--- TASK MATERIAL Enclosed Below ---

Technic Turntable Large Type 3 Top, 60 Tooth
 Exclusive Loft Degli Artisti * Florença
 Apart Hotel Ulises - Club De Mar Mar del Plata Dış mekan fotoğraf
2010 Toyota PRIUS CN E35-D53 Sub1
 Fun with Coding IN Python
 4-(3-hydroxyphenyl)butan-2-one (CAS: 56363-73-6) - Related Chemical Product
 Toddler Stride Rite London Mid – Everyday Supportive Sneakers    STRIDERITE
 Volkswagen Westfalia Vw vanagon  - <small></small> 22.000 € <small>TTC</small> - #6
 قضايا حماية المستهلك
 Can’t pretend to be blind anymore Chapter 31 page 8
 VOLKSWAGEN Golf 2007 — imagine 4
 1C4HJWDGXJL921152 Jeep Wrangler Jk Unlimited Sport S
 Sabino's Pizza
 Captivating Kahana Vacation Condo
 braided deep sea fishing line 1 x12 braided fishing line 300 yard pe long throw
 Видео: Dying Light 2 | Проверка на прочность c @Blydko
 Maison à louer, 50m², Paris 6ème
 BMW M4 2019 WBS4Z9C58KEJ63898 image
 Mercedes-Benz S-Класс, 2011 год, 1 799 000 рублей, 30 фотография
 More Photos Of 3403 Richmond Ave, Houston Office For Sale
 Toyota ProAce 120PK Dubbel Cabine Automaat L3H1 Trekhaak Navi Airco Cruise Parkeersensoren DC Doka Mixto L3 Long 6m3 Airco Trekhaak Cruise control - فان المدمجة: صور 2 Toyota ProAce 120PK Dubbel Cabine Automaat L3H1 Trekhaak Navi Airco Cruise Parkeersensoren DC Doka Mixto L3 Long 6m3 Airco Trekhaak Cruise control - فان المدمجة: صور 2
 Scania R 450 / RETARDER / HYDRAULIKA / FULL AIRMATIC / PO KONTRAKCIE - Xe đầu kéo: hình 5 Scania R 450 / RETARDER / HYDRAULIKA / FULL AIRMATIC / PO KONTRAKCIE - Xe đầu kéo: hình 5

--- End of Enclosed TASK MATERIAL ---

WORK INSTRUCTIONS: Each line containing the word "Toyota" needs to be copied from the data above.

TASK SOLUTION:
2010 Toyota PRIUS CN E35-D53 Sub1
 Toyota ProAce 120PK Dubbel Cabine Automaat L3H1 Trekhaak Navi Airco Cruise Parkeersensoren DC Doka Mixto L3 Long 6m3 Airco Trekhaak Cruise control - فان المدمجة: صور 2 Toyota ProAce 120PK Dubbel Cabine Automaat L3H1 Trekhaak Navi Airco Cruise Parkeersensoren DC Doka Mixto L3 Long 6m3 Airco Trekhaak Cruise control - فان المدمجة: صور 2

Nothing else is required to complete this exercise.